▶ [YOUR TASK]:
Nothing but the lines from the one with "TOYOTA HIGHLANDER 2023 Синий" through the final line of the entries should appear in the answer, copied exactly and without pictures.

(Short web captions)
----------
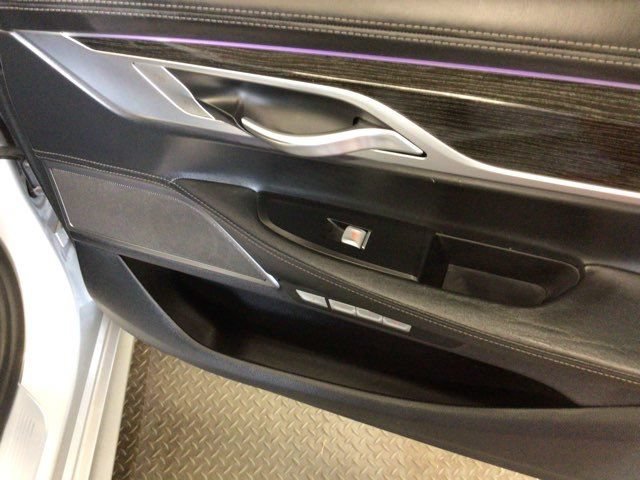 Used 2018 BMW 750i RWD image 17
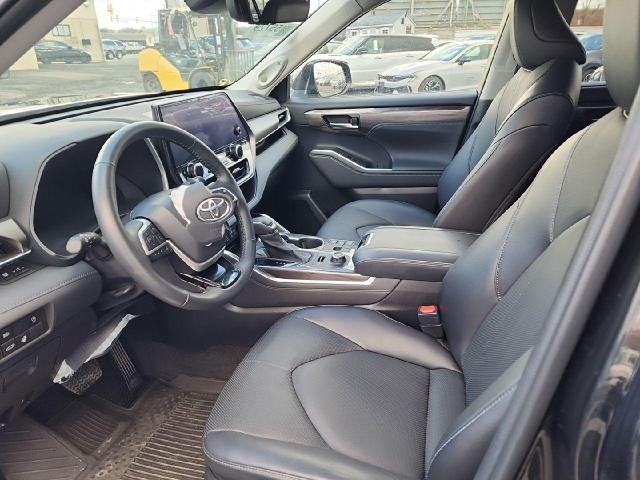  TOYOTA HIGHLANDER 2023 Синий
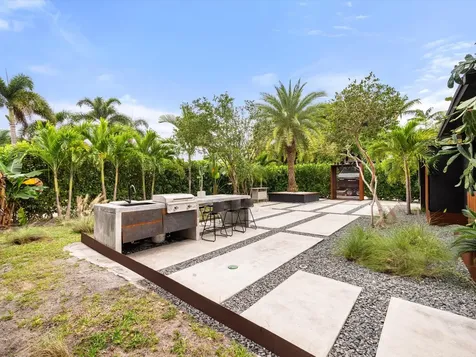 2711 NE 19th Street Fort Lauderdale FL 33305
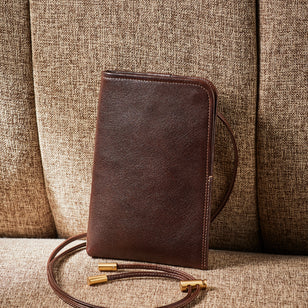 ダークブラウン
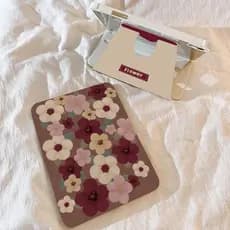 Capa Giratória com Estampa Floral para iPad 7 8 9 10.2" / Air 4 5 6 10.9" / Pro com Slot para Caneta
----------
▶ [ANSWER BELOW]:
  TOYOTA HIGHLANDER 2023 Синий
 2711 NE 19th Street Fort Lauderdale FL 33305
 ダークブラウン
 Capa Giratória com Estampa Floral para iPad 7 8 9 10.2" / Air 4 5 6 10.9" / Pro com Slot para Caneta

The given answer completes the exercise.